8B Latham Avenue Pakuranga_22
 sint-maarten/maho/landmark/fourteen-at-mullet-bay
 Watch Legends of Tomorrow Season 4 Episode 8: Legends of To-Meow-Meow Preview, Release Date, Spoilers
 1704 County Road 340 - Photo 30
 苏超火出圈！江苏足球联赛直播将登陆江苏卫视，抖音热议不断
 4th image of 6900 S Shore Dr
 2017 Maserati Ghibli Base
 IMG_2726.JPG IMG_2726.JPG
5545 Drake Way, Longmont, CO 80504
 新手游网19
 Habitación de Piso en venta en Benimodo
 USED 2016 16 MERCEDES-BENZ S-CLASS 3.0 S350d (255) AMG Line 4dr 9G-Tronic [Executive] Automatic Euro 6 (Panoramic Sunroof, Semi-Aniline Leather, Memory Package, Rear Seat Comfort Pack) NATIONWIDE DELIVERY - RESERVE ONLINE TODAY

**Task goal**
Your job is to reproduce the data in full, with every line intact.

**Expected answer**
8B Latham Avenue Pakuranga_22
 sint-maarten/maho/landmark/fourteen-at-mullet-bay
 Watch Legends of Tomorrow Season 4 Episode 8: Legends of To-Meow-Meow Preview, Release Date, Spoilers
 1704 County Road 340 - Photo 30
 苏超火出圈！江苏足球联赛直播将登陆江苏卫视，抖音热议不断
 4th image of 6900 S Shore Dr
 2017 Maserati Ghibli Base
 IMG_2726.JPG IMG_2726.JPG
5545 Drake Way, Longmont, CO 80504
 新手游网19
 Habitación de Piso en venta en Benimodo
 USED 2016 16 MERCEDES-BENZ S-CLASS 3.0 S350d (255) AMG Line 4dr 9G-Tronic [Executive] Automatic Euro 6 (Panoramic Sunroof, Semi-Aniline Leather, Memory Package, Rear Seat Comfort Pack) NATIONWIDE DELIVERY - RESERVE ONLINE TODAY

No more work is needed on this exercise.